El gobernador Axel Kicillof reitera, en cada oportunidad que se le presenta, que se han duplicado las camas de terapia. Sin embargo, en varias secretarias municipales de Salud desmienten esa afirmación. Hay que recordar que el 70% de  la administración sanitaria en la provincia está en manos de los municipios

 #  La seguridad es el 3er. factor clave. La baja inicial de algunos delitos ya es historia pasada. 

En los barrios y centros comerciales ,los motochorros siguen actuando como antes; y hasta se descubren modalidades de robos “pirañas”. 

La preocupación por supuestos “estallidos” populares por insatisfacción no aparece en el horizonte inmediato de las autoridades. En este punto todos coinciden que el Estado, aún con dificultades, está llegando a contener los sectores populares. El problema ocurre en la clase media, que ya empezó a mostrar su descontento sin saber hasta dónde podrá escalar el mismo.

El deshielo de la puja política ya comenzó. Y, tal como suele suceder en estos casos, la omnipresencia de los Estados -nacional, provincial y local o municipal- amerita seguir más de cerca las tensiones internas de quienes gobiernan que las de quienes buscarán reemplazarlos. 

Los datos sobre el peso de la distribución de los recursos públicos sobre la población son alarmantes. 

 **  Apenas 1 año atrás, el 44% de la población del país dependía su ingreso del Estado.
 **  En la estimación se incluye a los beneficiarios del AUH (20,12%), Pensiones no Contributivas (7,3%), Jubilaciones y Pensiones (34,5), Planes (17,9) y Empleo Estatal (20,3);
 **  luego de año y con la pandemia encima, esa dependencia casi se duplicó. Los números son tan tentadores que ya provocan iniciativas, quizá exageradas, de mantenerlos en el tiempo.

Es verdad que en la Argentina quien maneja el Estado no tiene garantizado el éxito electoral, pero la ventaja es demasiado grande y no se registran en la historia reciente niveles tan altos dependencia para subsistir. 

De la totalidad de erogaciones descriptas más arriba, la mayor parte se realiza desde la ANSeS, hoy en manos de La Cámpora.

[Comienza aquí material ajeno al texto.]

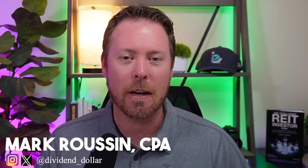Hey everyone, Mark Rusin here, back for another video. As always, I'm a CPA and not a financial advisor, so please do not take this as financial advice.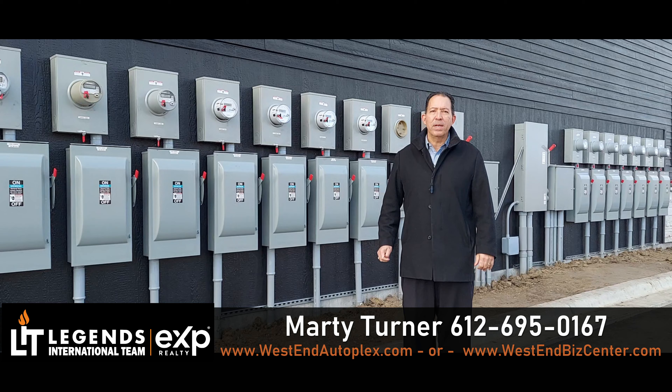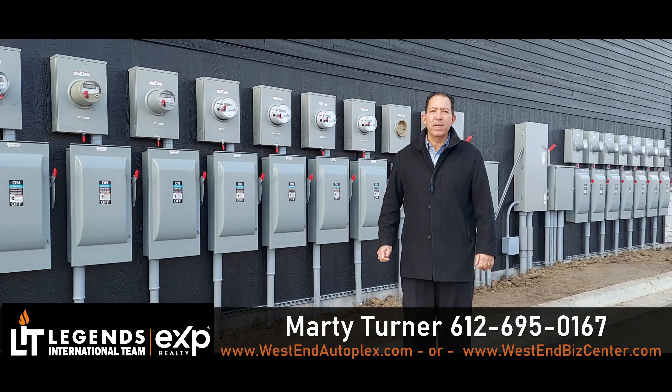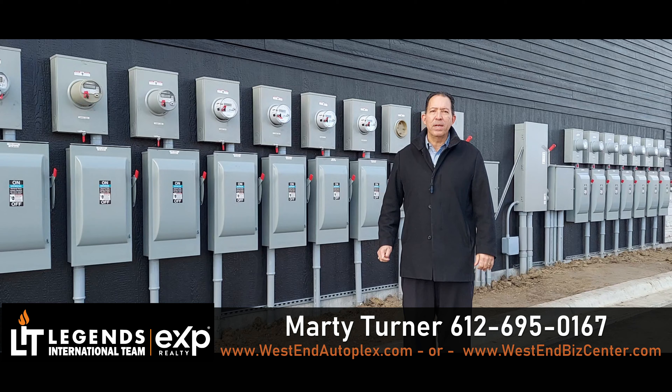Power, power, power! Here at the West End Autoplex and Business Center, this is Marty with eXp Realty and the Legends International Team saying thanks for checking out another video. We got plenty of power — no matter what unit you're in — anywhere from 100 to 150 amps three phase, so whether you're using a lift or a generator, whatever your power needs are, we got you covered.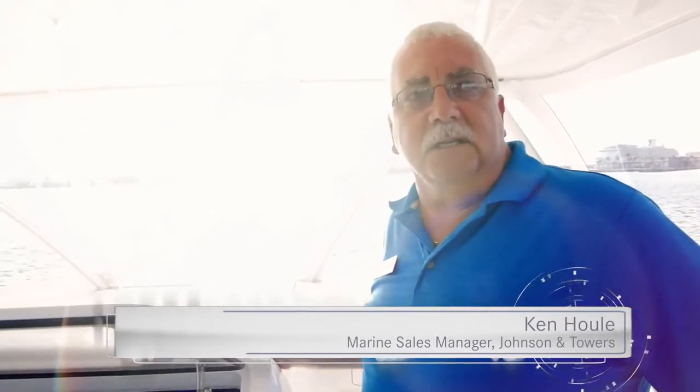Today we're here to demonstrate the performance characteristics of the MTU-12V2000M96L in a Viking 66 convertible. We have Captain Brian Comer who will assist us. My name is Ken Ull from Johnson & Towers.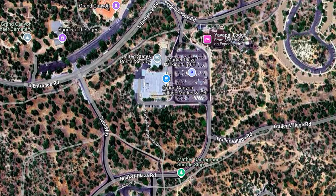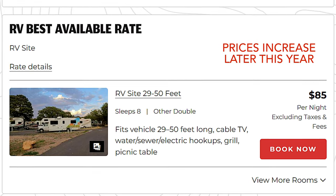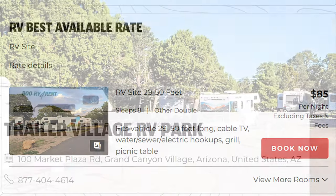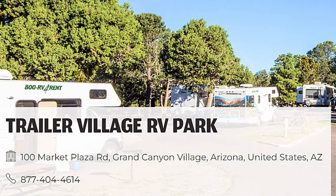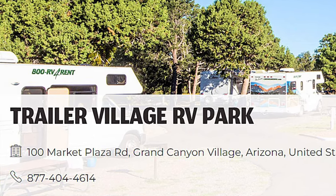The RV park offers full RV hookups and costs about $80 a night, and can be booked online or by telephone. I don't have an RV and I've never stayed at the village, so I won't comment about that any further.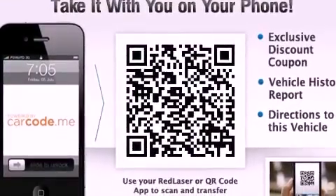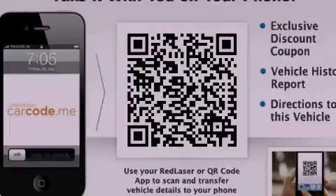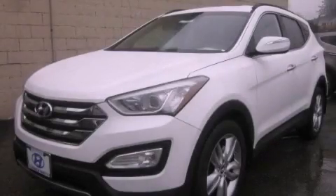The heated seats can warm you up in seconds, keeping you and your passengers comfortable the whole trip. We invite you to contact us today to learn more about this vehicle.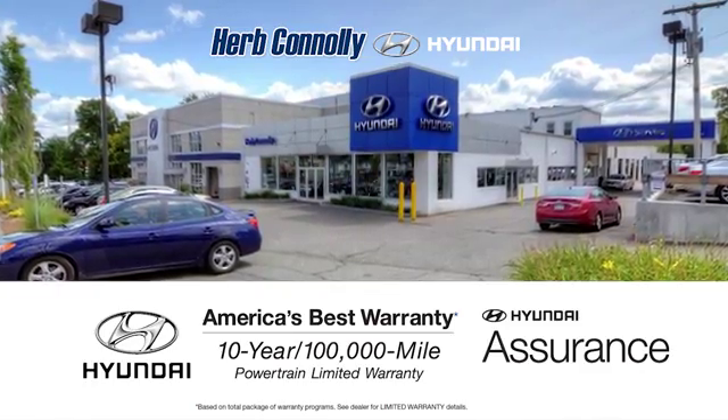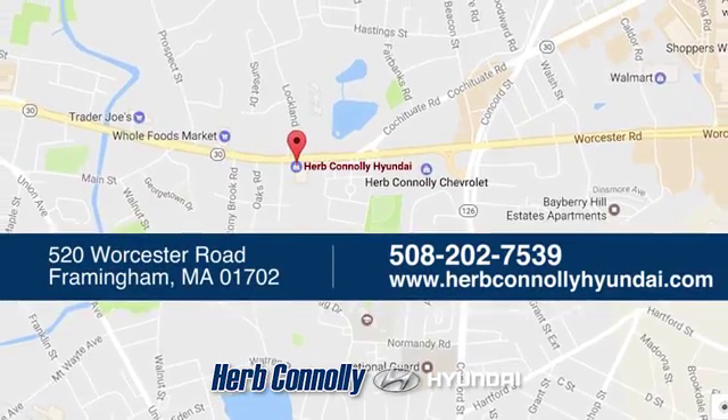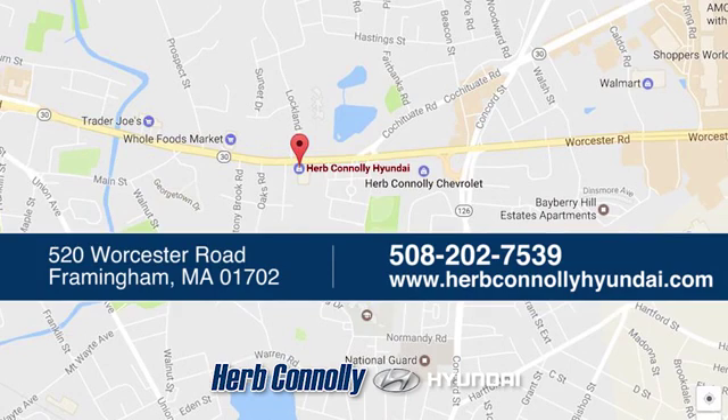Welcome to Herb Connolly Hyundai, where the customer comes first. We're conveniently located at 520 Worcester Road in Framingham, Massachusetts.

En los últimos días se terminaron de confirmar los titulares de las Delegaciones locales, donde el monopolio de esta agrupación es completo. 

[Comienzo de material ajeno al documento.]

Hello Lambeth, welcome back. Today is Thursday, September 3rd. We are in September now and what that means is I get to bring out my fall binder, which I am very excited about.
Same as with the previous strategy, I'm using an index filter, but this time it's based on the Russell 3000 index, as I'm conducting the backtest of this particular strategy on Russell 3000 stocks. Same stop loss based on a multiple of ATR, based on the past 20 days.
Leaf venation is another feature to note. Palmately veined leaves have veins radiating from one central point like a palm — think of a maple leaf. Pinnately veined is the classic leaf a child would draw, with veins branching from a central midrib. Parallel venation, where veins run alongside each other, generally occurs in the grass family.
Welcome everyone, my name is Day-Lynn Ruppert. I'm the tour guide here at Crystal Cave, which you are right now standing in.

El liderazgo de Máximo Kirchner se hace sentir hasta en los detalles mínimos. No quiere dejar ningún cabo suelto que ponga dudas su capacidad de conducción y su proyecto de poder. De allí algunas especulaciones acerca de cierta tensión permanente con el ala moderada del Frente de Todos. 

Los intendentes lo saben y se filtran peleas hasta por la silla de determinada comisión en un Concejo Deliberante o legislaturas. Quienes ambicionaban crear el “Albertismo” apelan a la máxima del Presidente en campaña: “Con Cristina sola no alcanza, sin ella no se puede”. 

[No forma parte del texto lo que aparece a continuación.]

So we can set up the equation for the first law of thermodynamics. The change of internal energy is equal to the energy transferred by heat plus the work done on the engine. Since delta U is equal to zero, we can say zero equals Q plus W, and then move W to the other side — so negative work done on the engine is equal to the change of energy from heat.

La carrera para el 2021 parece lanzada. Tal como dijo un intendente en los comienzos de la pandemia: “El futuro del gobierno se define en el Conurbano, si el coronavirus explota, podemos tener serios problemas a futuro”.

Él sabe de lo que habla: en 2019 el Gran Buenos Aires le aportó el millón y medios de voto de diferencia para que Alberto Fernández le ganara a Mauricio Macri. Sostener ese volumen de electores es cuestión, hoy más que nunca, de Estado.